- **PROBLEM REQUIREMENTS**
In this exercise, print only the lines of the records below from the one with "Riopan Magen Tabletten" through the one with "Sporty Swing Dress In Temples Jersey 3", inclusive. Pictures are not part of the copy.

- **RECORDS FOR THIS TASK**
#####

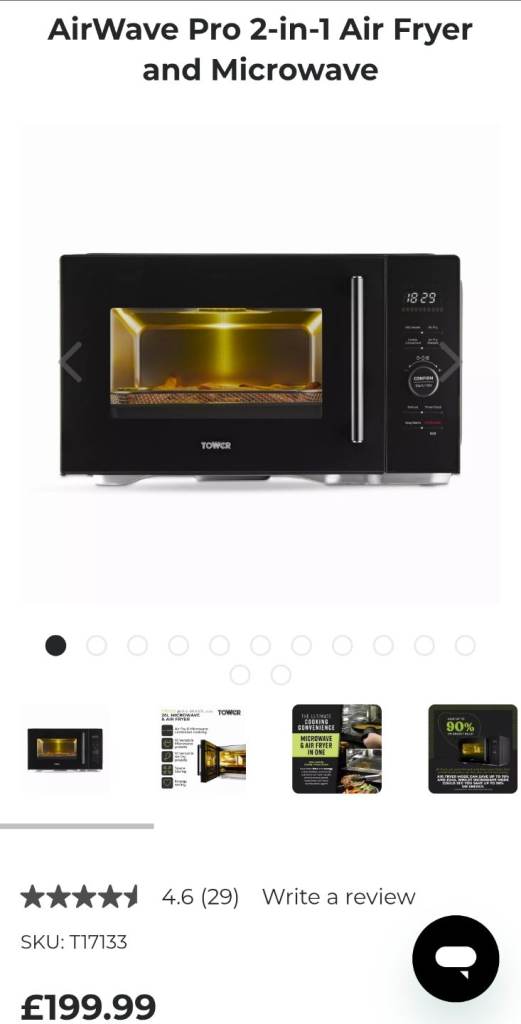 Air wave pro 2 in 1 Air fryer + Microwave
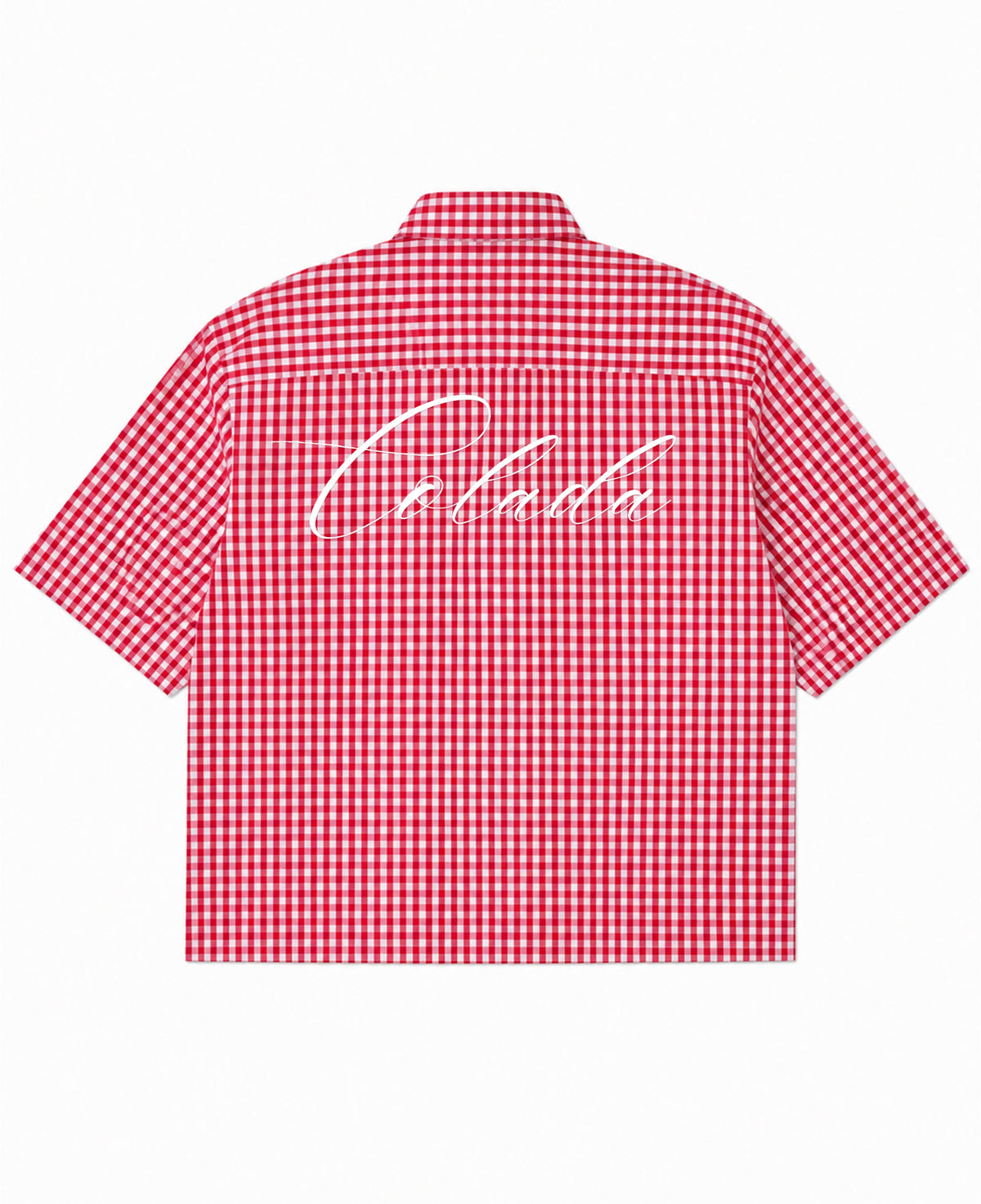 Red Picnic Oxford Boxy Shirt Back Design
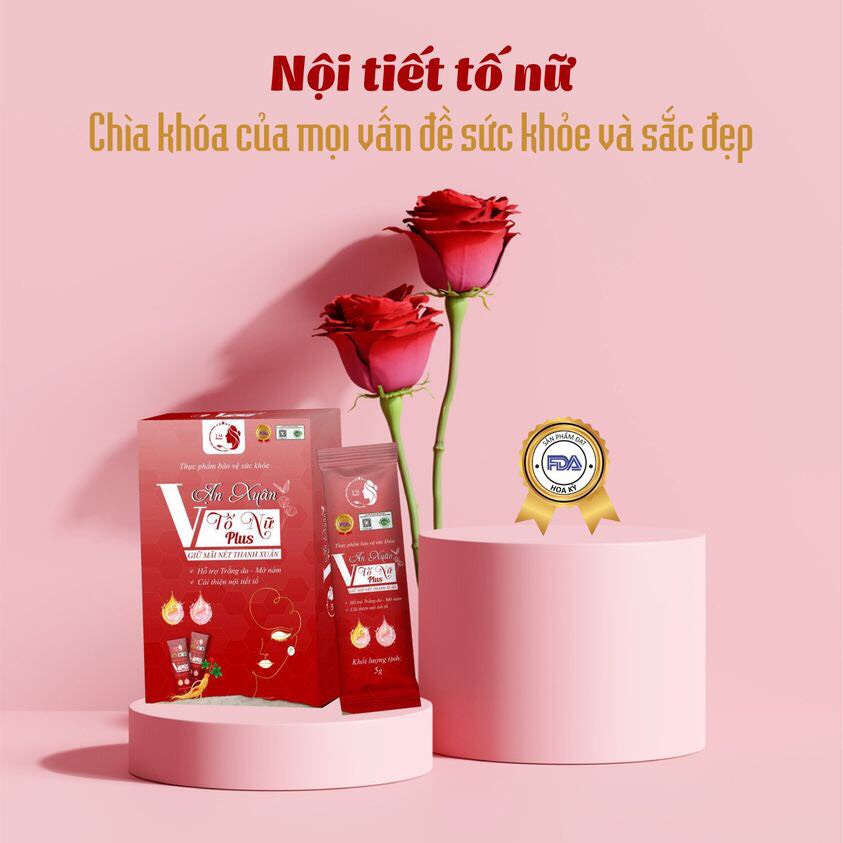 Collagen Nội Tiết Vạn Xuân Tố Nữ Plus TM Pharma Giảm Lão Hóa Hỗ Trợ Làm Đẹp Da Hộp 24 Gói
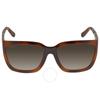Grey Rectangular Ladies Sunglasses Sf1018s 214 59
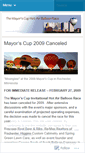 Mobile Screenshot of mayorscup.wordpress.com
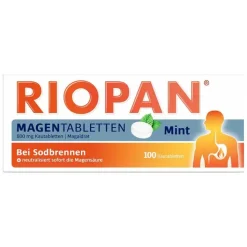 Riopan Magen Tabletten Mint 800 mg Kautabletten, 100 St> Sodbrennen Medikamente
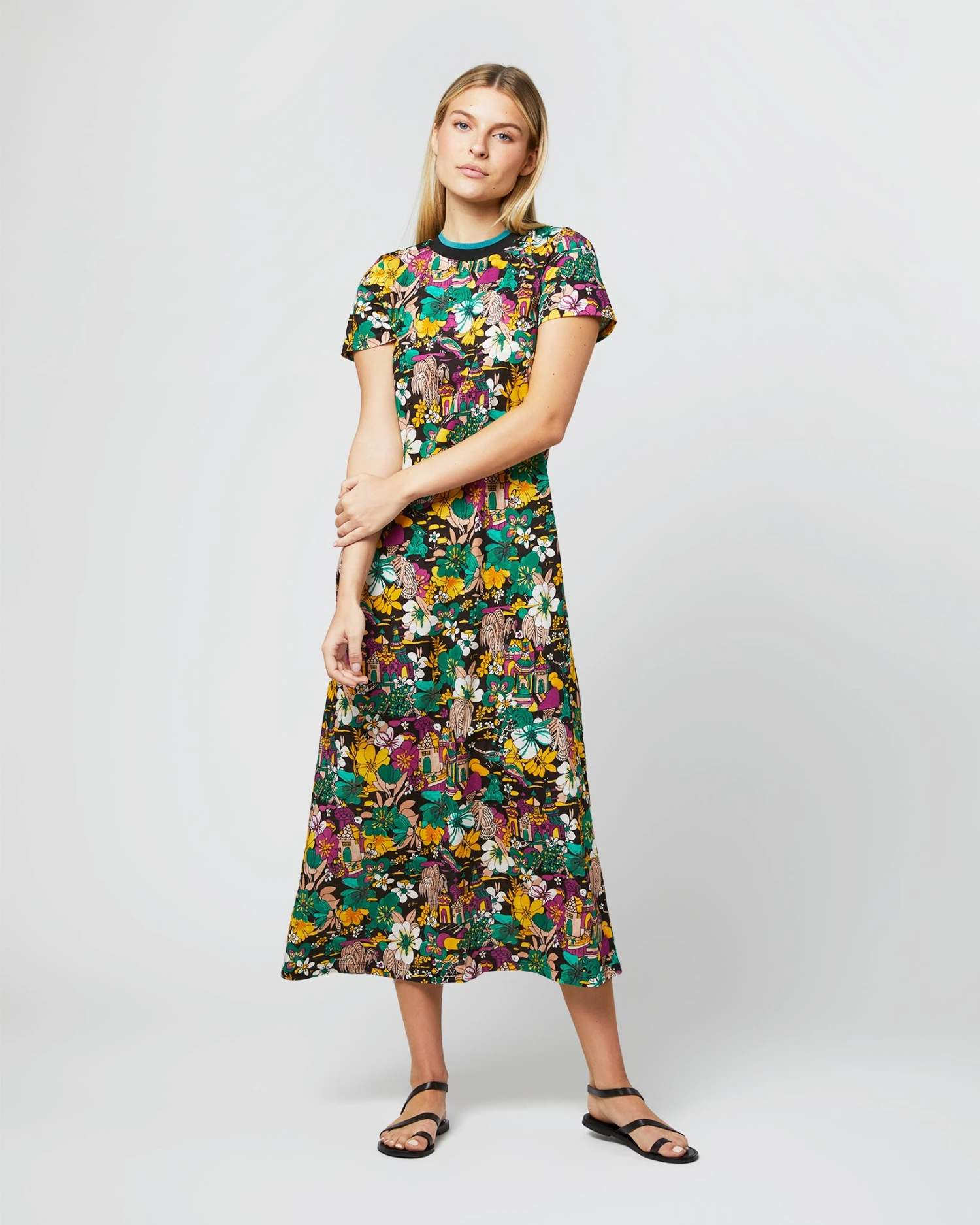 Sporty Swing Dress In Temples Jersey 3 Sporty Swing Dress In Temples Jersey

#####

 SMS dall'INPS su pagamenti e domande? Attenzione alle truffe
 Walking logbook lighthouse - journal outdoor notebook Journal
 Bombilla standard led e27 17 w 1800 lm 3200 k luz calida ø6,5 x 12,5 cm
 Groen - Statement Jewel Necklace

#####

- **SOLUTION FOR THIS EXERCISE**
 Riopan Magen Tabletten Mint 800 mg Kautabletten, 100 St> Sodbrennen Medikamente
 Sporty Swing Dress In Temples Jersey 3 Sporty Swing Dress In Temples Jersey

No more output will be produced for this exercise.